#### [Aim of the task]
Below are records; reproduce exactly the lines from the one containing "Hermès Swift As" through the end, both included, and only those.

Stored dataset items
──────────────────────────────

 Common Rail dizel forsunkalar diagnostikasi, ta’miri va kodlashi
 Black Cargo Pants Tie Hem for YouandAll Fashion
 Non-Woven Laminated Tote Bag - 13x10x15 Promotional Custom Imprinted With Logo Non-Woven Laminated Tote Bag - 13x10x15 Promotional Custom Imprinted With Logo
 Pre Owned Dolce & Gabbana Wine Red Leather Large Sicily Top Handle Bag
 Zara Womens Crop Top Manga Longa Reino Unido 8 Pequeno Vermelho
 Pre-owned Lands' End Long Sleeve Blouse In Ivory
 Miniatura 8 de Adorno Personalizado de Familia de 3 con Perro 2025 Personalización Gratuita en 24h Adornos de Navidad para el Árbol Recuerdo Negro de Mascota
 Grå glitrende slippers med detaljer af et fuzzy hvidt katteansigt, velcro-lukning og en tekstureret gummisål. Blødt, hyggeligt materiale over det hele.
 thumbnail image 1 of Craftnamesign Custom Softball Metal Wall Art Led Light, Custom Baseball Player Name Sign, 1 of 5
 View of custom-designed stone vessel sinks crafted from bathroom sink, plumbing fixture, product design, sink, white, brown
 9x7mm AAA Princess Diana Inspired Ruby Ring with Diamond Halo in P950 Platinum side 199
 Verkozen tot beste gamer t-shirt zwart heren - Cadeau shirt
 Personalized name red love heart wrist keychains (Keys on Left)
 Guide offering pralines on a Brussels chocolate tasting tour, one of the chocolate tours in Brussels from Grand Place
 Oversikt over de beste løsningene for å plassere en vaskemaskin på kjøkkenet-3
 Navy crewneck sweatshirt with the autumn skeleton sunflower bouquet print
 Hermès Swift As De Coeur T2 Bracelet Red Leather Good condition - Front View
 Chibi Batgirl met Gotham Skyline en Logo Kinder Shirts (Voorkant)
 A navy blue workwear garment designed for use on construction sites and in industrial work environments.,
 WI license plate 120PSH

──────────────────────────────

#### [Solution]
 Hermès Swift As De Coeur T2 Bracelet Red Leather Good condition - Front View
 Chibi Batgirl met Gotham Skyline en Logo Kinder Shirts (Voorkant)
 A navy blue workwear garment designed for use on construction sites and in industrial work environments.,
 WI license plate 120PSH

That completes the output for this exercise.